Kyra listened to his footsteps fading away in the grass and thought of running. She could probably make it back to her dormitory before he caught up with her, and she could spend the rest of the day in bed. If Aaron came looking for her, she could tell him she wasn’t feeling well. She had a stomachache. Her eyes were hurting. Hell, she could tell him any damn thing, just so long as they would leave her alone.
She hadn’t felt this helpless in a long time. It was worse than walking the highway after escaping Van Horn. Even, in a way, worse than losing Uncle Reggie. Since coming to the Grasslands, the world had grown brighter. She was contributing to the effort. She was making a difference. And then this, two hard slaps from someone she had trusted, from someone she had given her virginity to, and suddenly she was that scared and isolated four-year-old little girl all over again, alone in her head and alone in the world.
“It went smoothly,” she heard a man say. “Just like I said it would.”
The voice came from around the corner to her right. As quickly as she could, she ducked back around the corner to her left and pressed her back into the wall.
“That’s good, Michael. Very good. You did good work, getting the bodies out of here.”
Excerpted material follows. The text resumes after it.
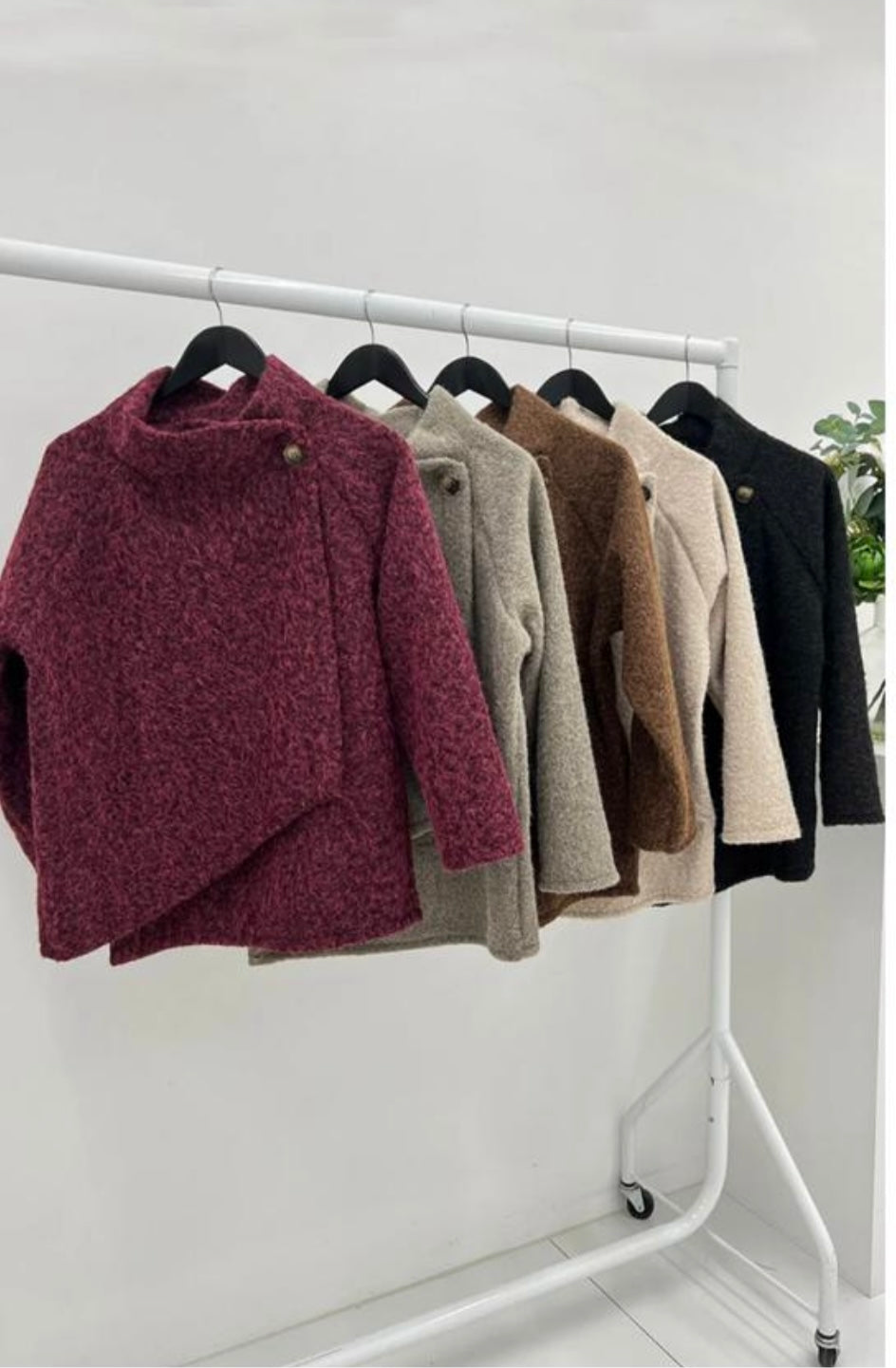 Asymmetrical Wrap Over jacket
Jasper’s voice! Kyra sucked in a breath.
“It wasn’t hard. We put ’em with the zombies we shot this morning and burned them.”
“Good.”
“But Jasper, our house isn’t clean yet.”
“Yes, I know. Those men had help.”
“That seems pretty plain, yeah.”
“Do you know who?” Jasper asked.
“Not yet.”
“But you’ll find them out.”
“Yes.”
“I cannot abide a traitor, Michael. Even that man who sins in his mind against me has betrayed me, and I will not abide a traitor.”
“No, of course not.”
“You’ll begin searching the village for the missing radios?”
“Immediately.”
“Very good,” Jasper said. “I’ll see you this afternoon then.”
Kyra heard the door to the office creak open, then slam shut. The second man’s footsteps faded away in the opposite direction. She stood absolutely still against the wall, listening, unable to catch her breath. She felt like the ground beneath her feet was shaking.
The whole world, it seemed, was shaking.
“Nate.”
A distant gunshot, somewhere down the hall.
“Nate, damn it, get up.”
More gunfire, three or four shots. Closer now.
From Nate, a mutter: “Get off me.”
Kellogg gave him a hard shake. He pulled the blankets away and saw the blood pooled under Nate’s thighs and under his buttocks. He saw the deep, ragged cuts up Nate’s left wrist.
“Nate, Jesus. Oh, Jesus. What did you do?”
“Fuck off. Lemme die.”
“Oh, crap, Nate.”
Kellogg threw the covers off the bed and scooped up one of the sheets. He tried to tear it with his fingers and couldn’t. He used his teeth until he felt the fabric give, and then he tore it into strips. “Here, give me your hand,” he said, and yanked Nate’s wrist into his lap. Working fast, he wrapped the strips around the wound, keeping up the pressure.
“Christ, you lost a lot of blood. What the hell were you thinking, Nate?”